My mom helped us pick out everything we wanted to put in, and plant it. In the first bed there is lettuce, cilantro and chives. As well as pumpkin, bush beans and carrot seeds. In the second bed there are zucchini seeds, 3 different tomato plants, jalapeno peppers, Thai hot peppers, sweet red peppers, bell peppers, lemon basil, orange mint and parsley. Our friends gave us some raspberry bushes too, that are along the fence.

This is 8 days post-planting. All the seeds have come up! The beans were the biggest, but the pumpkins, zucchini, and one little carrot had all come up as well. I was so proud. 🙂

And these are 2 weeks post-planting. We added another row of red leaf romaine lettuce. All the kids were helping me water, but only Tyrell and Adisyn were into a photo-op. 🙂 Adi was so proud of helping me plant the lettuce. This is the one she did completely by herself. And you can see how big the carrots and beans are getting. Yay!

Here’s a cute pic of the three of them. We went for a walk all around Dorris Ranch. They had a blast! I will try to post the update of our Son-rise program this weekend. The boys have been doing AMAZING, and have grown so much. I’ll also have more pics from Adisyn’s birthday tomorrow. She will be 3!!

Attitude

April 11, 2009

So today is one of those days where I’m feeling sorry for myself, and quite grumpy. Joseph has been gone since wednesday, and won’t be home until tomorrow evening. I still have this stupid cold, and can’t hear out of one ear. The kids are missing daddy, and the boys are finishing their detox off of gluten. So, I’ve decided that I need to write out things I am thankful for, and blessed by, to put things back into perspective.

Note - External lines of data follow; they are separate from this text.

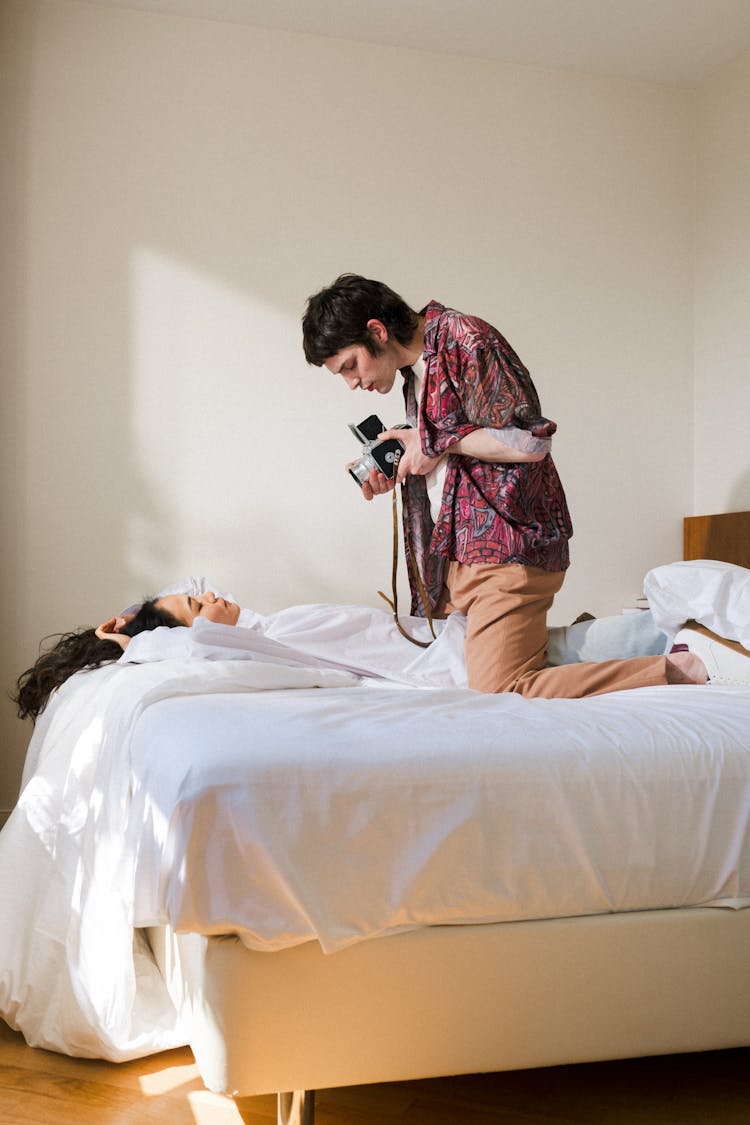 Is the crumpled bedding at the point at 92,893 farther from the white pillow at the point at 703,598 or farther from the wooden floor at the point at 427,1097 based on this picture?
the white pillow at the point at 703,598

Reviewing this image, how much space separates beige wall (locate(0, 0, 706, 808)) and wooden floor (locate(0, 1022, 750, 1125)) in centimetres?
179

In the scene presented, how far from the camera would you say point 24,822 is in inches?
75.0

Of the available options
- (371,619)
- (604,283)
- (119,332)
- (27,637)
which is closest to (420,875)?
(371,619)

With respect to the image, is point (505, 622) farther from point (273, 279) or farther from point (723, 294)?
point (723, 294)

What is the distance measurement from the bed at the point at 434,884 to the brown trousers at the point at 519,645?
1.14 ft

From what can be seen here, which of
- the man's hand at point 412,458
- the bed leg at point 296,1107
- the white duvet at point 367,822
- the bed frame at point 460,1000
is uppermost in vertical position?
the man's hand at point 412,458

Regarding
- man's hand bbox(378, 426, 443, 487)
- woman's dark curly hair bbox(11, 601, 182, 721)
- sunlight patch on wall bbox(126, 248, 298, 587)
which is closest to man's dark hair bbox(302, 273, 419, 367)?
man's hand bbox(378, 426, 443, 487)

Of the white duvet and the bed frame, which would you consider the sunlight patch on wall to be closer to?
the white duvet

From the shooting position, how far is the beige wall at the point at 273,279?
3234 millimetres

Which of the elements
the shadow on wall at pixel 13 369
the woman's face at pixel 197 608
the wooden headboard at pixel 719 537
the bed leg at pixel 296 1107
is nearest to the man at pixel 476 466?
the woman's face at pixel 197 608

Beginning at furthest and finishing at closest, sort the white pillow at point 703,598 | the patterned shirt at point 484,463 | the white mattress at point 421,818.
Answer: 1. the patterned shirt at point 484,463
2. the white pillow at point 703,598
3. the white mattress at point 421,818

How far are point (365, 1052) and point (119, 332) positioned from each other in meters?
2.54

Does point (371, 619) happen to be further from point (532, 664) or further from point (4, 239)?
point (4, 239)

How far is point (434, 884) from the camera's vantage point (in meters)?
1.22
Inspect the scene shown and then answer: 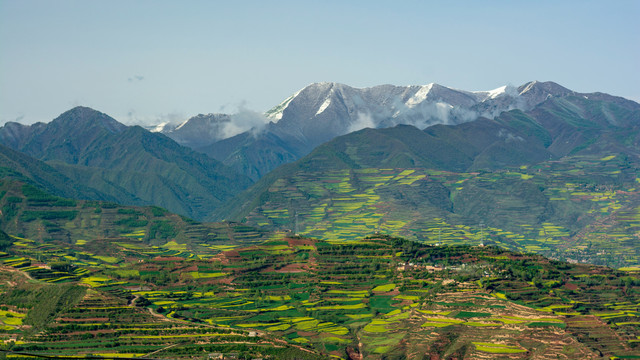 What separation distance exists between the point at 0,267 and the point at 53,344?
4964cm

1. I am thankful that in this economy, Joseph has a great job.

2. I’m thankful that the company he had to make a trip to, is close to his mom and sister, so that he can visit family and we don’t have to pay the airfare.

3. I’m so glad that we realized how addicted our boys were to gluten (I had written about this previously, but children with autism don’t digest gluten, it goes into their blood, and into their brain, where it binds to the same receptors as heroin and morphine. Quite literally, they were addicted, and are having withdrawl symptoms), and I’m glad we’re almost to the end of the detox. (hopefully).

4. I’m so thankful that my stupid cold has not turned into bronchitis or pneumonia, and that my ear pain is gone. Hearing myself talk and breathe all day is annoying, but manageable; having that intense pain was close to unbearable.

5. I’m thankful for our Son-rise volunteers! Today, specifically, Nana, who is in the playroom so I can clean my house. (and write a blog) 🙂

6. I’m so thankful for finding the Son-rise program! Going through these withdrawl symptoms with the boys has reminded me of how far we have come! I’m so glad that we now have hope, and the knowledge of what to do to help our precious boys.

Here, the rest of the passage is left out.